[Opening Data records section]
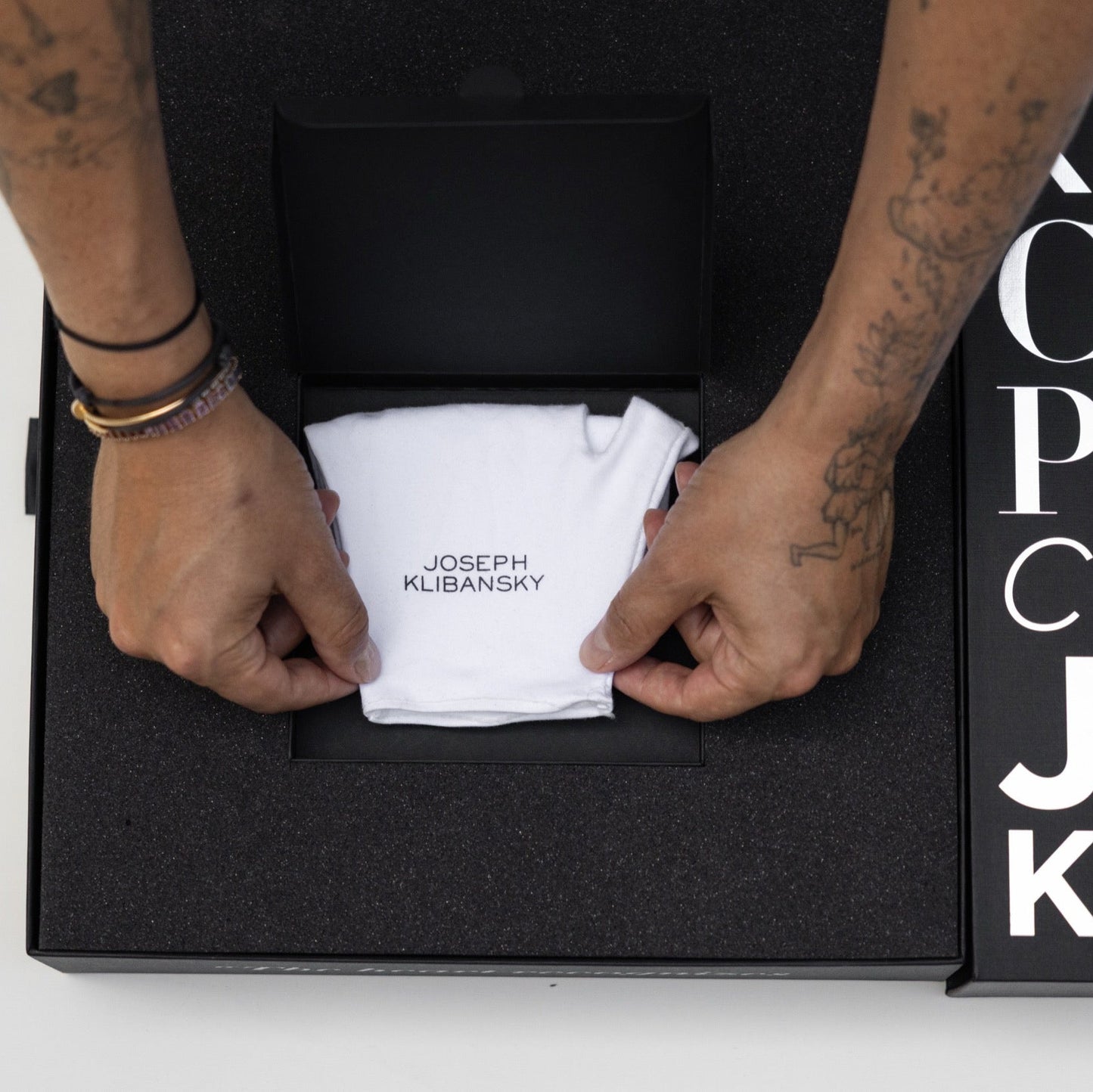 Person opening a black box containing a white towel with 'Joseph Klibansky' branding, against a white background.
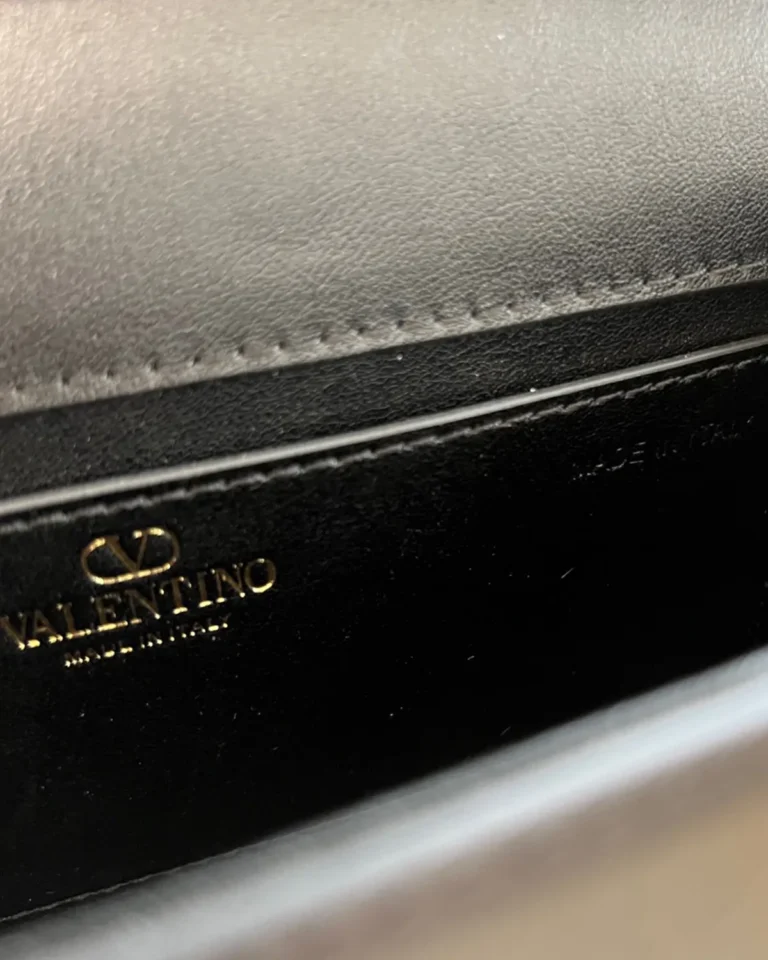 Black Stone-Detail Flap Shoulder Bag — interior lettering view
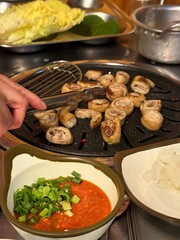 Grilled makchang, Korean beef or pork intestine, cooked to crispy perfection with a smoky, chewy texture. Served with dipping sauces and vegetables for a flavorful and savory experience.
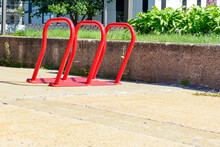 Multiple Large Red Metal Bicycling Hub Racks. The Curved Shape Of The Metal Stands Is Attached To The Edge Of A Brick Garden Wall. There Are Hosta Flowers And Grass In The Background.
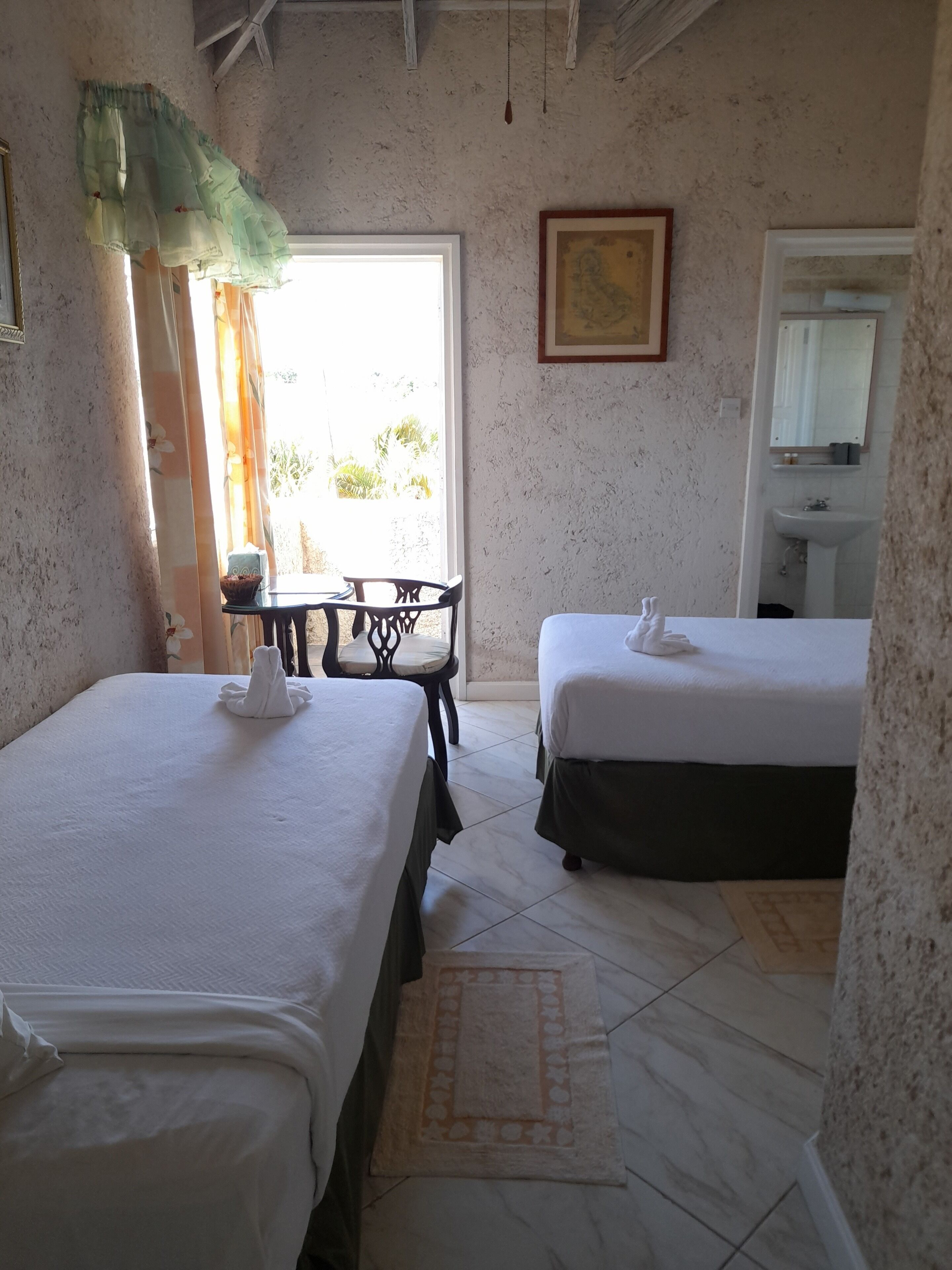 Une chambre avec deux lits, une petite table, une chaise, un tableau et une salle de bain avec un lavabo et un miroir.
[Closing Data records section]
[Opening Data records section]
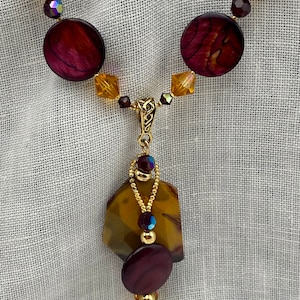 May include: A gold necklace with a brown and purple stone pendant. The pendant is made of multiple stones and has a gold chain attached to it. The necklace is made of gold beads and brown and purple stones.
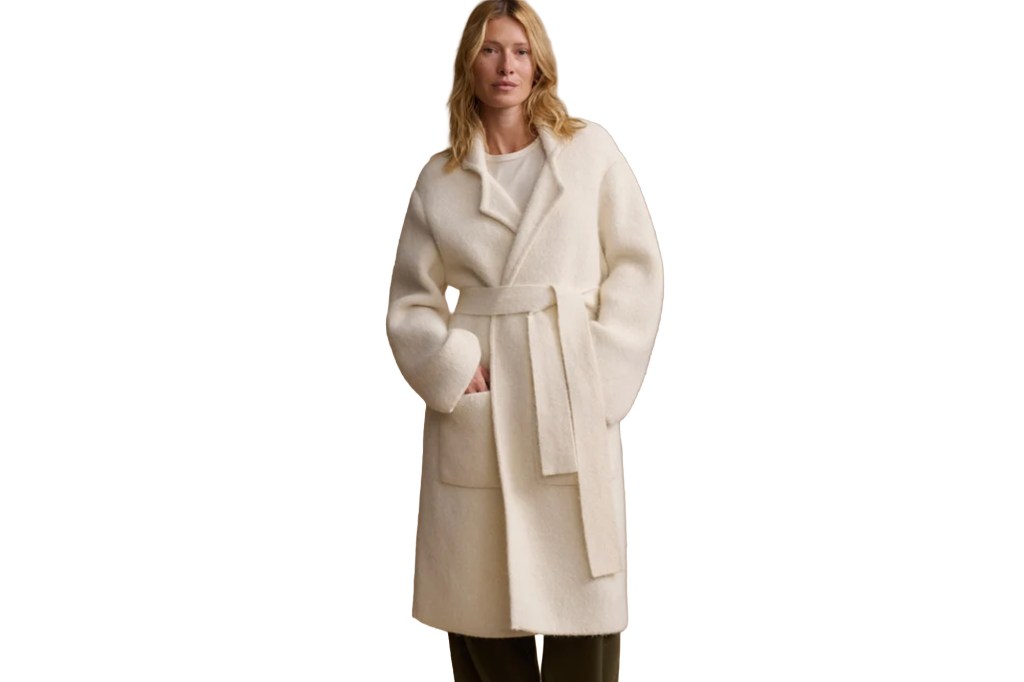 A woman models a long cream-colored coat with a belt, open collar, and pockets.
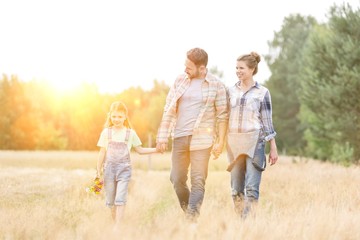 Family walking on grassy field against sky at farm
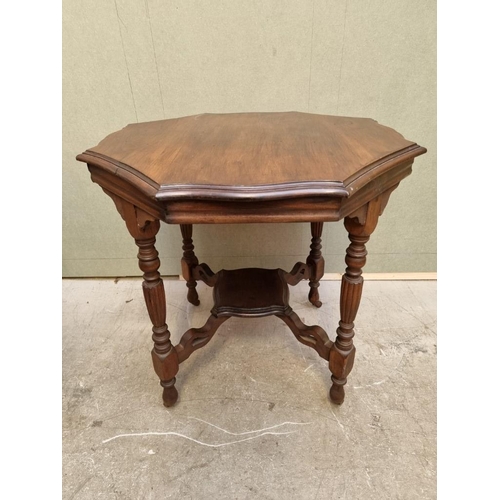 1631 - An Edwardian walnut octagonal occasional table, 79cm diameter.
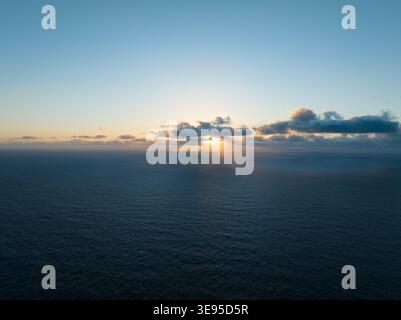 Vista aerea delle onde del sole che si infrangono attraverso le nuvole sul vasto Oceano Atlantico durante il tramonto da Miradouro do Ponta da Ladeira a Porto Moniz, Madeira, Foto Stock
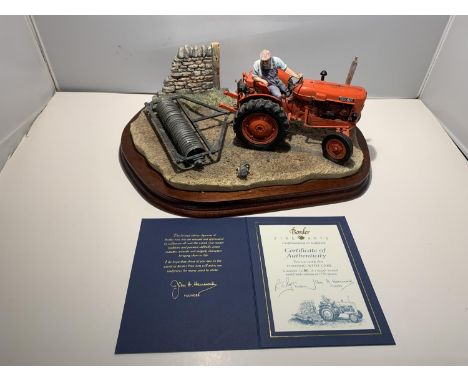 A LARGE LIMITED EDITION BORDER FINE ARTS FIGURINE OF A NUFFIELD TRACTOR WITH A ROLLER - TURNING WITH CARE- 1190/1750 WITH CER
[Closing Data records section]
[Opening Data records section]
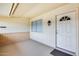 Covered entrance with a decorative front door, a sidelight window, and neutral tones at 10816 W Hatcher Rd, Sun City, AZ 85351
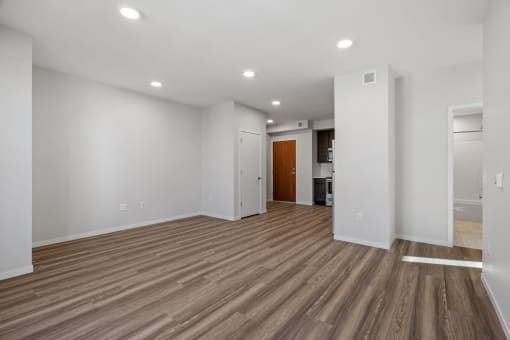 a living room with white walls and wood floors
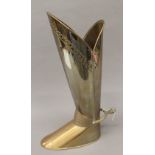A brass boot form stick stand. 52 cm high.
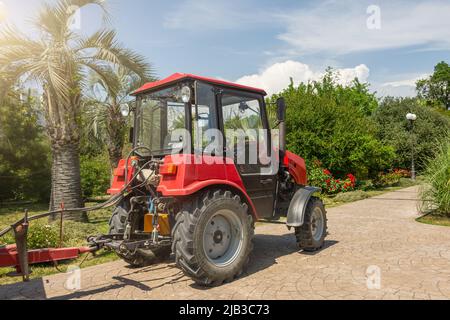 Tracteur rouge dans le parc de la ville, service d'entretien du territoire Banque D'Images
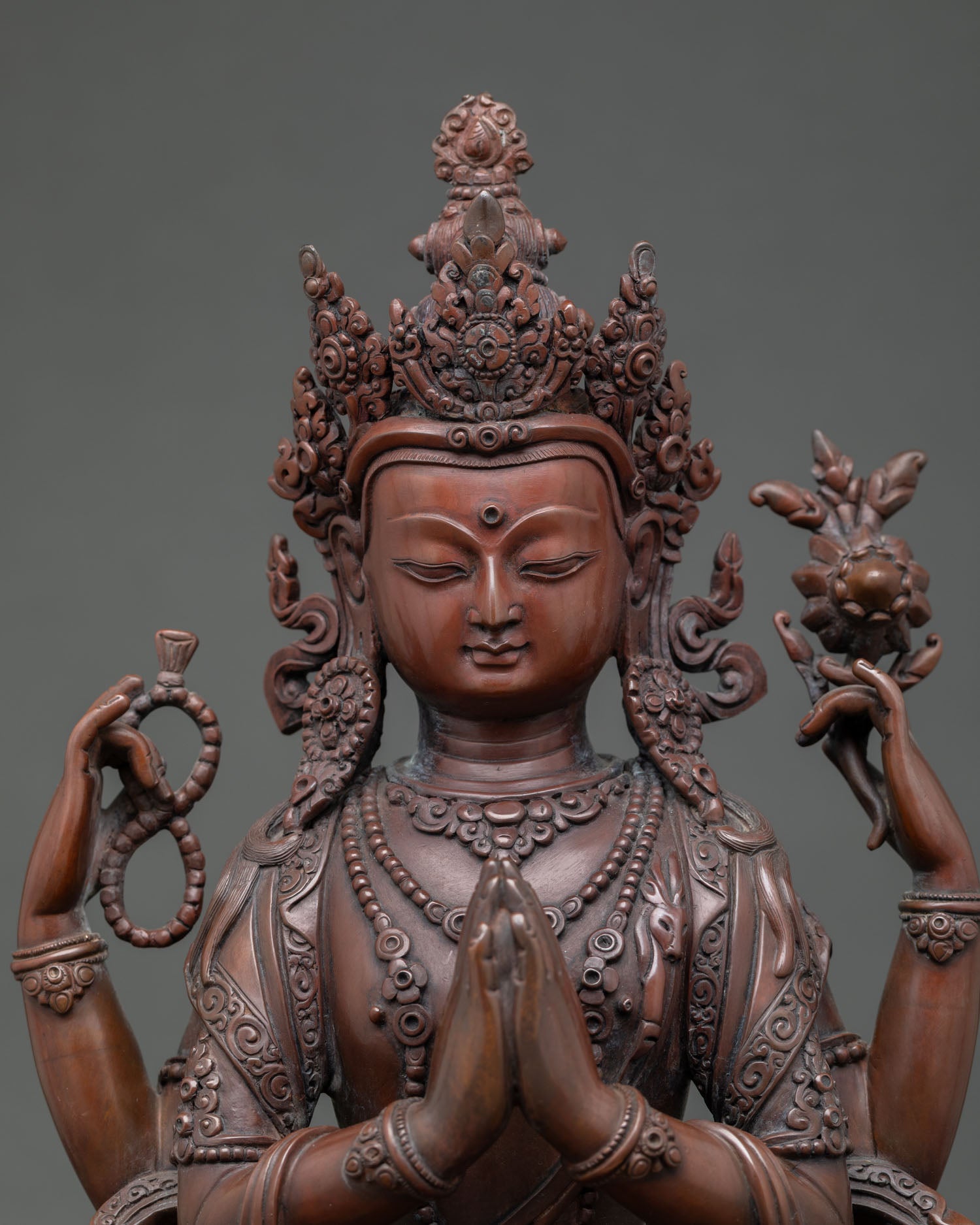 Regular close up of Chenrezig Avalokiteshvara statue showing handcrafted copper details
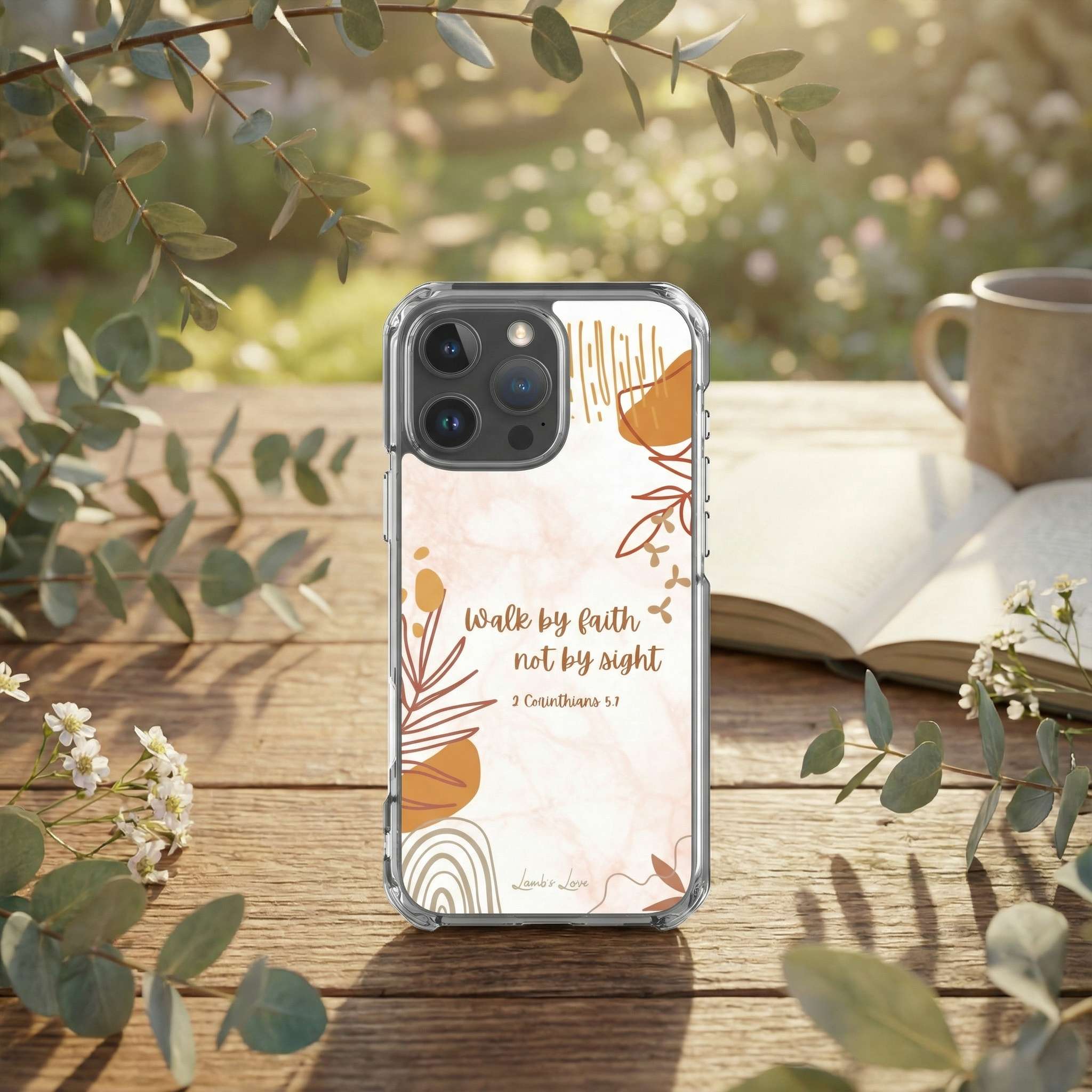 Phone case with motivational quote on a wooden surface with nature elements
[Closing Data records section]
## [Assignment]
Write out word for word the lines of the listing above from the line with "Person opening a" to the line with "Grilled makchang, Korean", taking in both of those lines but no pictures.

## [Solution for this task]
 Person opening a black box containing a white towel with 'Joseph Klibansky' branding, against a white background.
 Black Stone-Detail Flap Shoulder Bag — interior lettering view
 Grilled makchang, Korean beef or pork intestine, cooked to crispy perfection with a smoky, chewy texture. Served with dipping sauces and vegetables for a flavorful and savory experience.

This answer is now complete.